By Dan Stewart
June 24, 2016

The voters have spoken. Britain will leave the European Union, after some 17.4 million people put their ‘x’ beside Leave in polling stations up and down the country.

But none of that necessarily matters. The whole thing could be called off.

That’s because the referendum is not legally binding. In the U.K. only parliament gets to sets the laws, and the legislation that created the E.U. referendum did not say parliament had to act in accordance with the result.

So theoretically, this means Prime Minister David Cameron could decide to put the results of the referendum to a parliamentary vote, rather than going straight to the E.U. to ask to leave. The UK Parliament is thought to be about 3/4ths in favour of Remain so this would negate the result.

Or, MPs could use the threat of departure to negotiate the favourable deal with the E.U. that eluded David Cameron back in February.

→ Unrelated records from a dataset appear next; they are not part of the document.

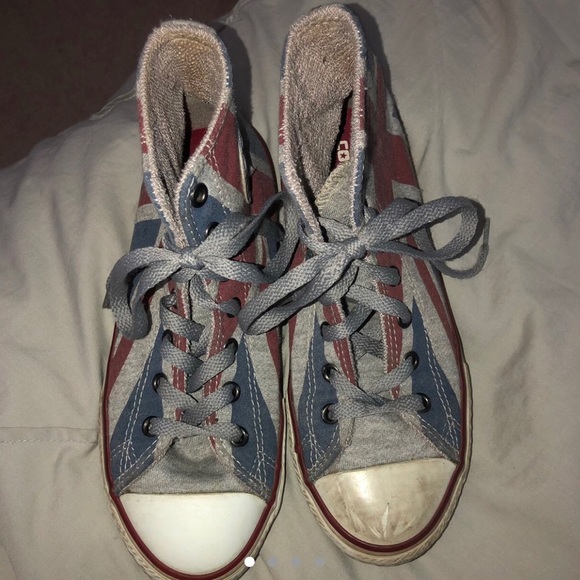 british converse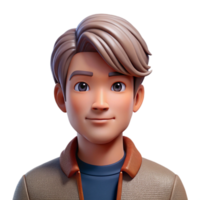 magnificent modern Digital Art Portrait Pixel Art Style Cutout high resolution png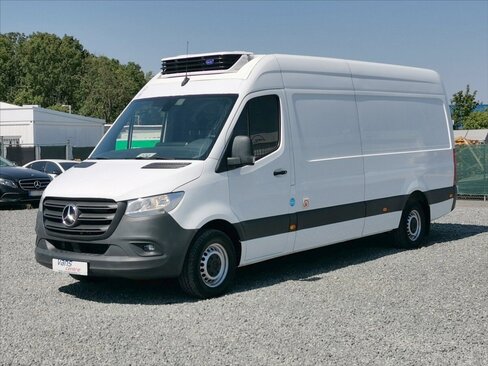 Mercedes-Benz Sprinter Ostatní 2,0 l 110 kw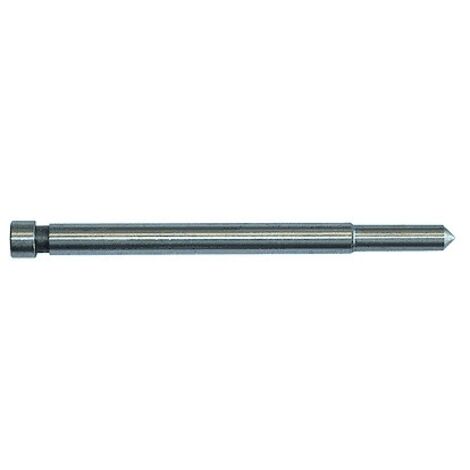 Ejecteur pour fraise à carotter 11111210002 - Diamètre 6,34 mm - Longueur totale 103 mm - TIVOLY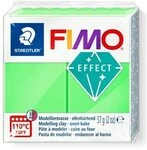 STAEDTLER&reg; FIMO&reg; effect 8010 Neon ofenh&auml;rtende Modelliermasse, 57g, neon...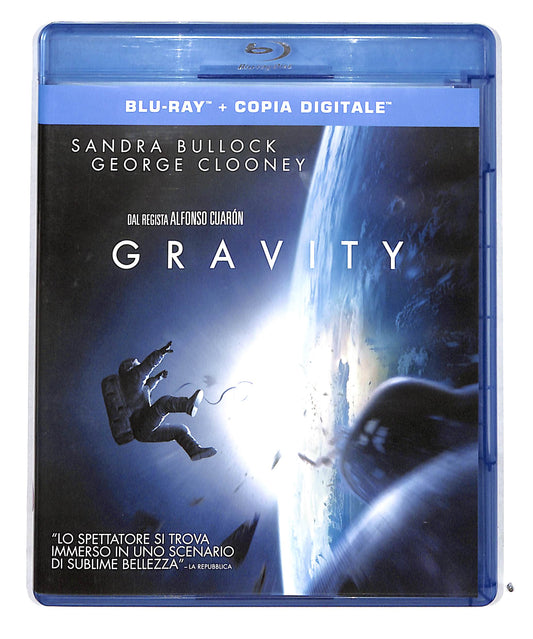 EBOND Gravity BLURAY + Copia Digitale BLURAY DB711636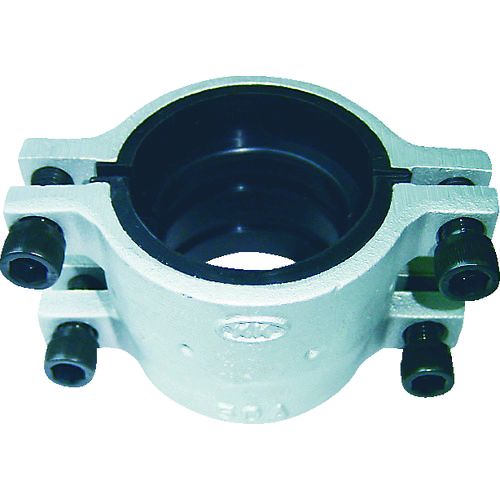 【即納在庫品】「直送」コダマ S20A 圧着ソケット鋼管兼用型２０Ａ S-20A 297-2638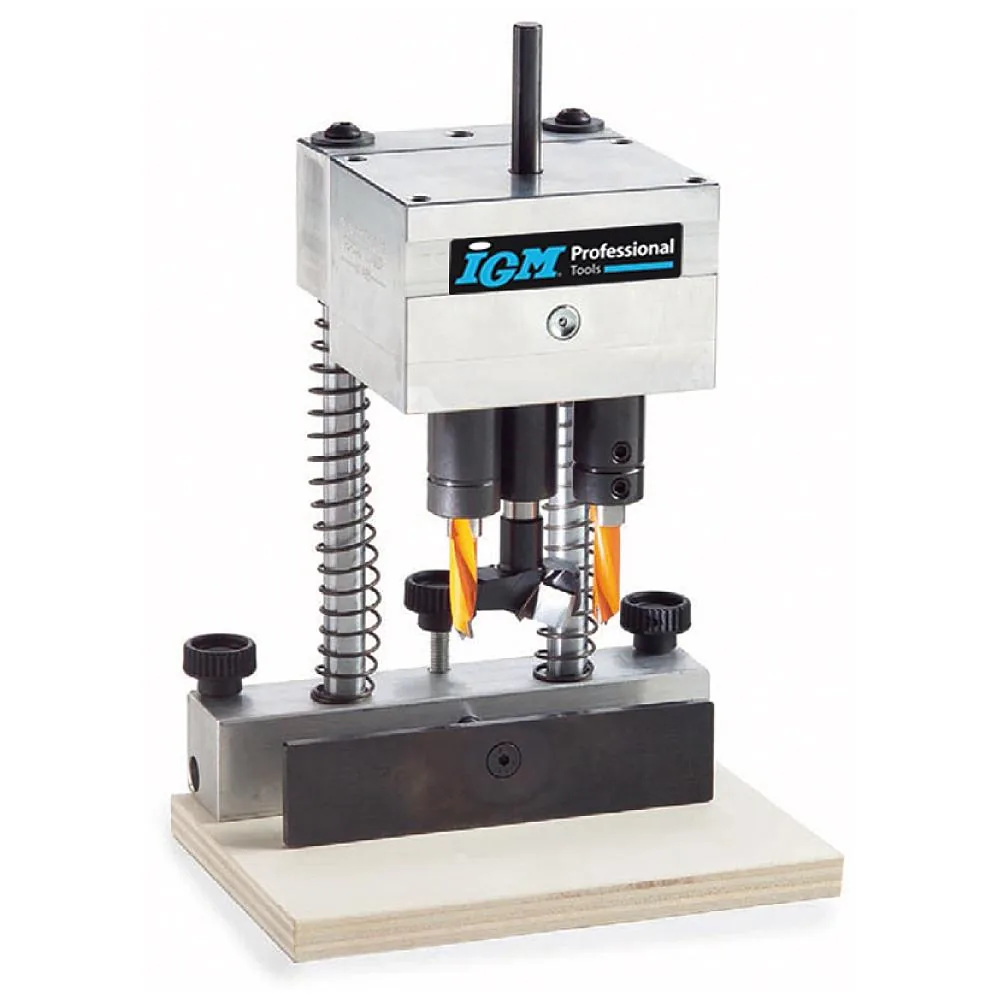 FMB300 Modulare Trägerbasis für Bohrkopfsystem -7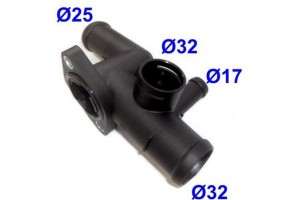 Hoffer Συνδετική Φλάντζα Του Ψυκτικού Υγρού - 8193242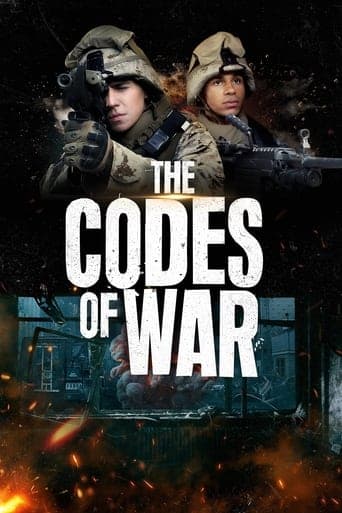 The Codes of War official poster on NexFlixy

They could then put that deal to a second referendum, if they so wished. A petition calling for a second referendum has already garnered over 100,000 signatures, so they could still say they had popular support. And there’s a long history of other member states simply handing out another ballot paper when voters get the “wrong” result — in Ireland, for example, which reran a referendum on an E.U. treaty in 2001.

Or, lastly, they could simply ignore the results of the referendum altogether and say it is too harmful to Britain’s economic and political future to go along with.

Here’s the thing — none of this is likely to happen. Cameron, or whoever replaces him, will almost certainly invoke Article 50 of the Lisbon Treaty (the mechanism for leaving the E.U.) or begin other negotiations designed to withdraw.

Why? Because to do otherwise would be to go against the will of the people. 17.4 million voters have made it clear that they do want to leave the E.U., and there would be revolution in the streets if those votes were ignored. Cameron has said repeatedly he will respect the results of the vote.

But it’s worth noting that, as things stand, the Prime Minister has not invoked Article 50, and Britain still remains a member of the E.U. Until he does… well, anything’s possible right?